Dr Matthew McKenzie

STAFF PROFILE

Position

Lecturer in Animal Cell Biology

Faculty

Faculty of Sci Eng & Built Env

Department

School of Life & Env. Sciences

Campus

Geelong Waurn Ponds Campus

Qualifications

Doctor of Philosophy, University of Melbourne, 2003

Contact

m.mckenzie@deakin.edu.au
+61 3 522 73015

Biography

Dr Matthew McKenzie undertook his PhD with Dr Ian Trounce at St. Vincent's Hospital, Melbourne, where he developed novel mouse models of mitochondrial DNA (mtDNA) disease. He continued his mitochondrial research as a postdoctoral scientist in the laboratory of Professor Michael Duchen, University College London. There he investigated how mitochondrial membrane potential, calcium handling and ATP generation are disrupted in mitochondrial disorders using state-of-the-art confocal imaging techniques.

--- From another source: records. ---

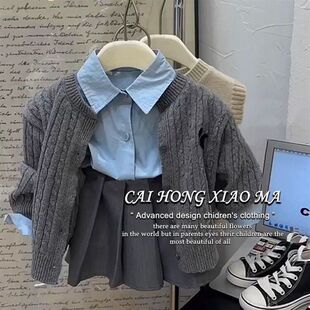 柠里童装女童学院风套装25春秋装儿童洋气针织马甲翻领衬衫百褶裙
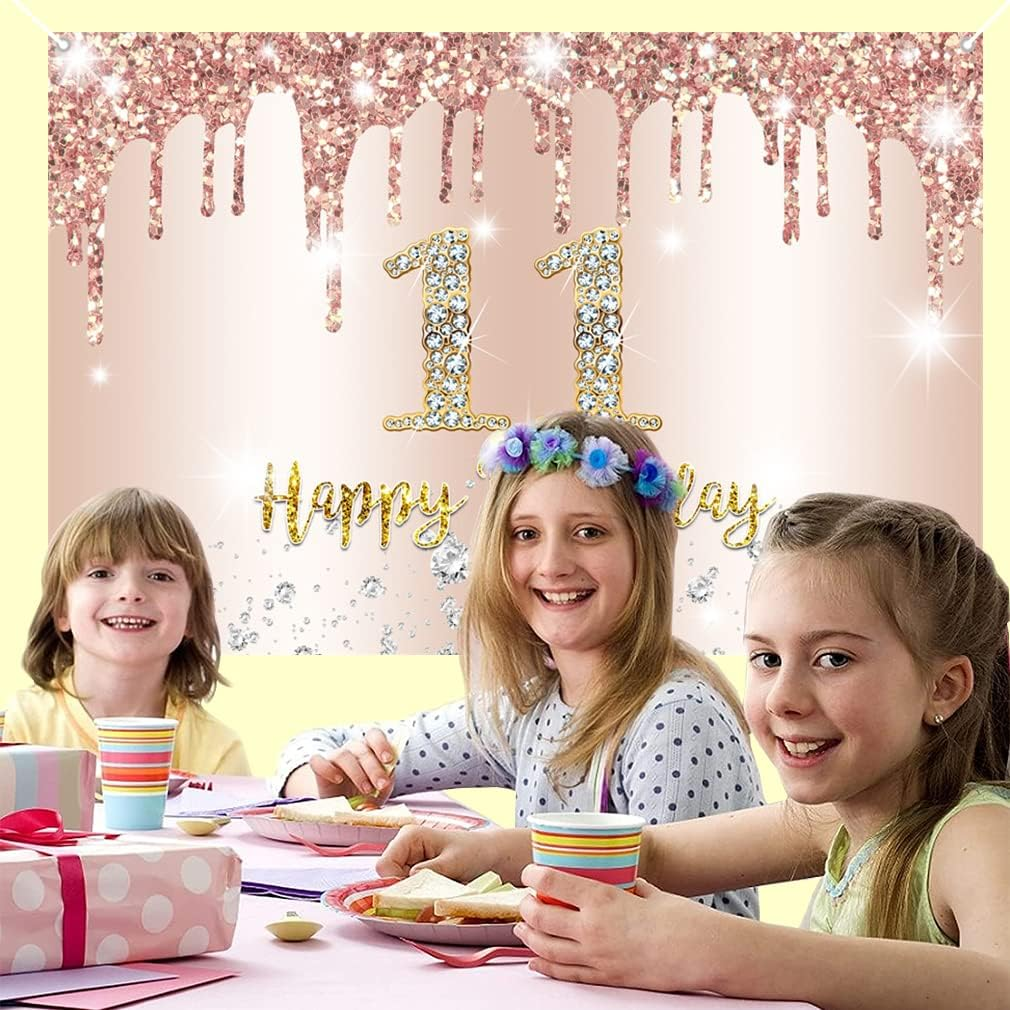 11Th Birthday Girl Decoration, 11Th Birthday Banner Rose Gold, 11Th Birthday Fabric Sign Poster, 11Th Birthday Background Banner Girl Birthday Party Decor image number 5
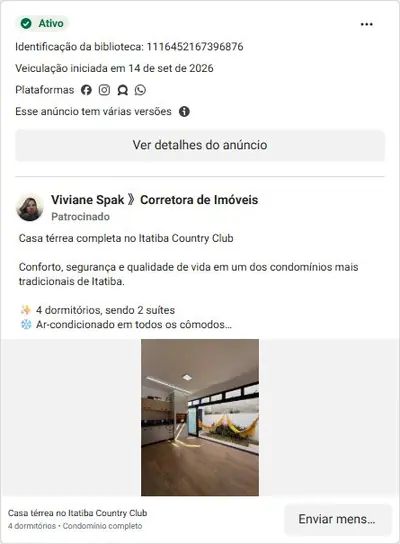 Anúncio de Viviane Spak Corretora de Imóveis: Casa térrea à venda no Itatiba Country Club, R$1.250.000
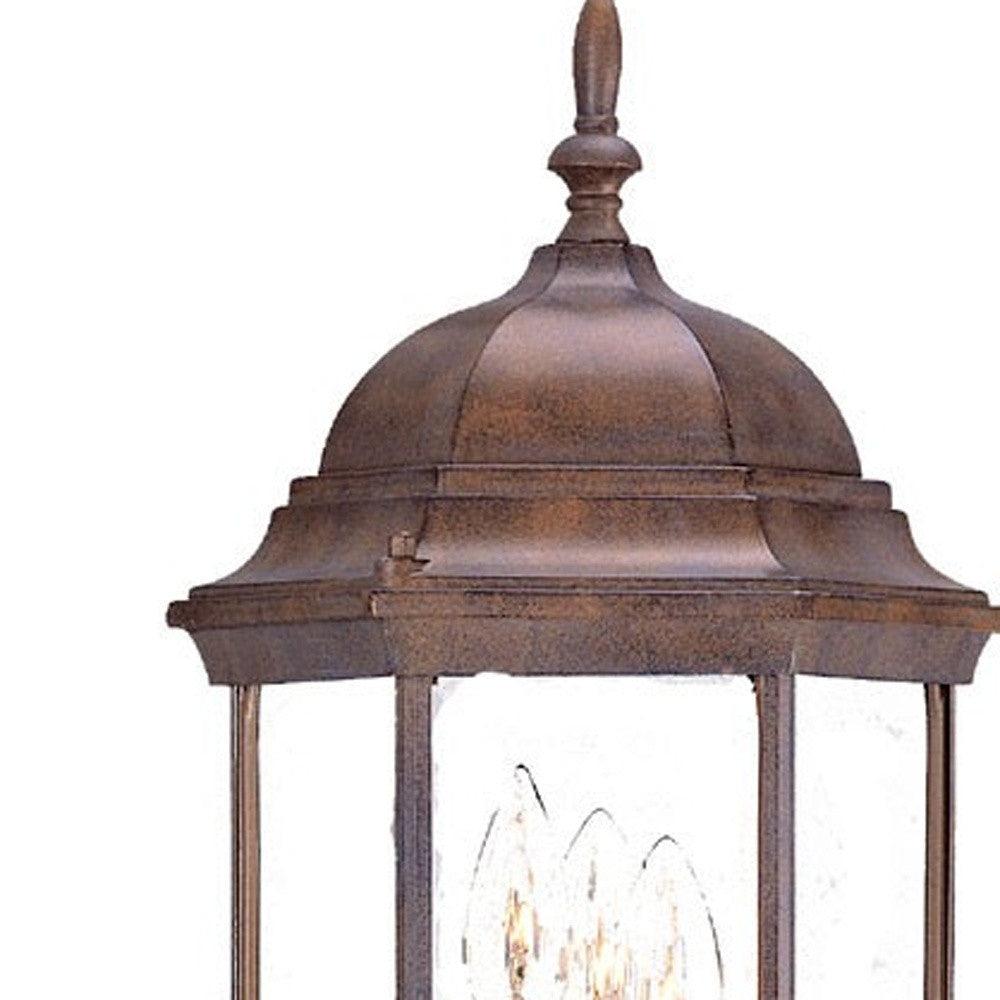 Three Light Brown Domed Glass Lantern Wall Light - AFS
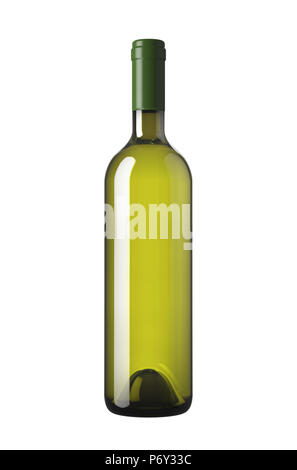 Flasche Wein, Grün auf weißem Hintergrund. Stockfoto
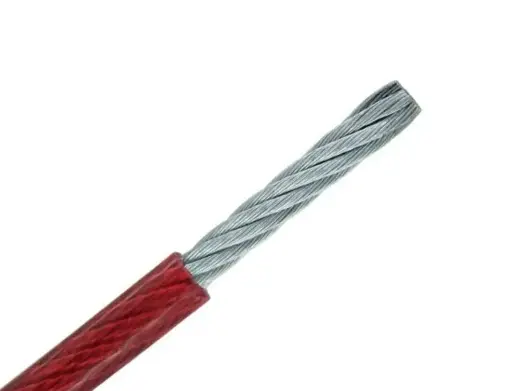 STEEL WIRE ROPE PVC COATED RED 3.0-5MM ( 6x7) PRICE PER METER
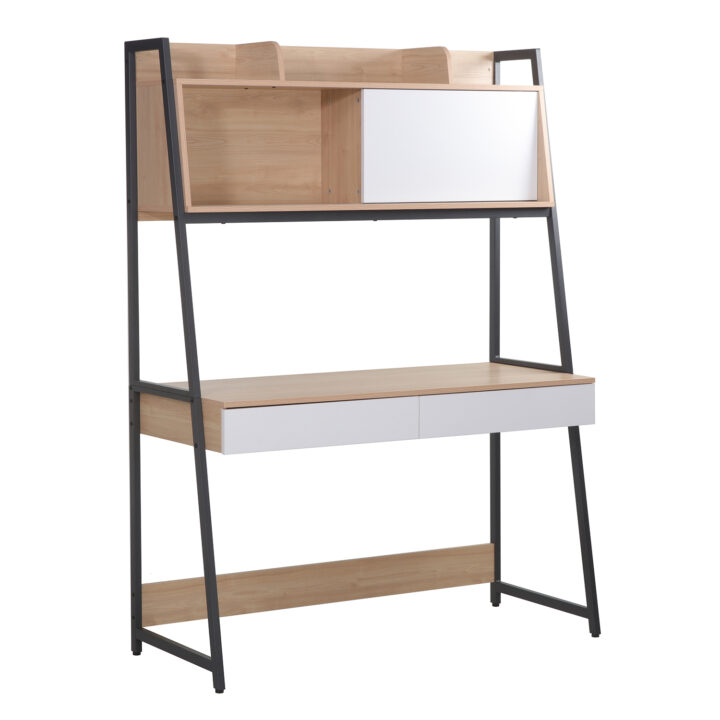 Kirjutuslaud STUDY riiuliga 124x54xH171cm, tamm/valge Elutoamööbel Kirjutuslauad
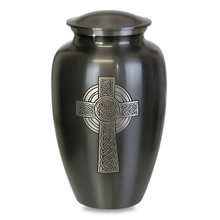 Load image into Gallery viewer, Large/Adult 228 Cubic Inches Celtic Cross Brass Funeral Cremation Urn for Ashes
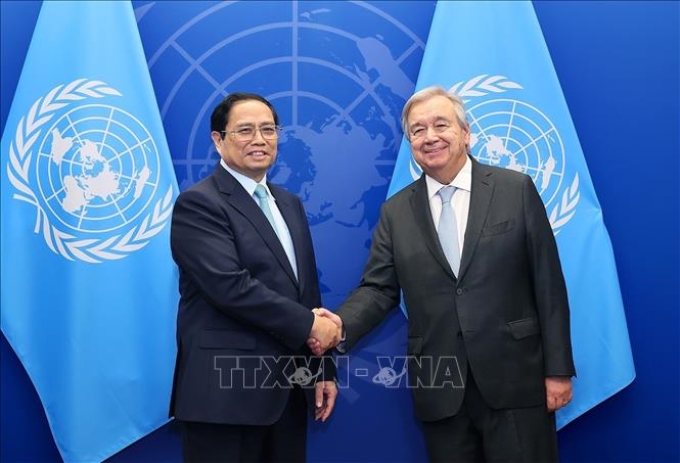 Thủ tướng Phạm Minh Chính gặp Tổng thư ký Liên hợp quốc Antonio Guterres. Ảnh: Dương Giang/TTXVN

In 2004, Dr McKenzie returned to Australia to work with Professor Mike Ryan at La Trobe University, Melbourne. He received an NHMRC Peter Doherty Fellowship, and subsequently an NHMRC Career Development Fellowship, to study the biogenesis of mitochondrial complex I and how inherited defects can disrupt this process. In 2011, Dr McKenzie was recruited by the Hudson Institute of Medical Research as a Group Leader in the Centre for Genetic Diseases, where he established his own independent research program. 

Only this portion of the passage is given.